= Uti vår hage (song) =

Traditional Swedish folk song

"Uti vår hage" (choir singing four verses).

"Uti vår hage" ("Out in our meadow" or "In our meadow") is a traditional Swedish folk song first published in Gotland sometime during the 1880s by Hugo Lutteman, though it is also considered to have earlier origins as far back as the 1600s.

The piece became widely published in the 1890s and is associated with a boom in interest in folk traditions in Sweden during this decade. The piece continues to be well known by the Swedish populace, performed frequently by choral groups, and has been described as a "national song treasure" typically taught to schoolchildren. Also owing to this popularity is an arrangement of the piece by composer Hugo Alfvén in 1923. There is also social debate around a theory this song contains a secret recipe to end an unwanted pregnancy.

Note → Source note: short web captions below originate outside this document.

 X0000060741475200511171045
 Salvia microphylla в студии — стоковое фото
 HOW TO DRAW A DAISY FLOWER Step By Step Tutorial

The piece is often performed, among other Swedish traditional songs, during Walpurgis Night.

== Recordings ==
An early recording was made in the acoustic version of Oscar Ralf in 1916, and appeared on the album of the same year. The song has also been recorded in English by Engel Lund, with Ferdinand Rauter on the piano under a different translation, "Out in the Garden" in London January 26, 1954, which was released on record in June the same year. The Swedish music band State of Sound covered the song in 2016.

== In film ==
The piece appears in the following films:
- Du gamla du fria (1938)
- Hem från Babylon (1941)
- Som du vill ha mej (1943)
- Kärlek och allsång (1944)
- Janne Vängman i farten (1954)
- Sista dansen (1993)
- Hästmannen (2006)
- Linas kvällsbok (2007)
- Young Royals (2024)
- To the Sea (2024)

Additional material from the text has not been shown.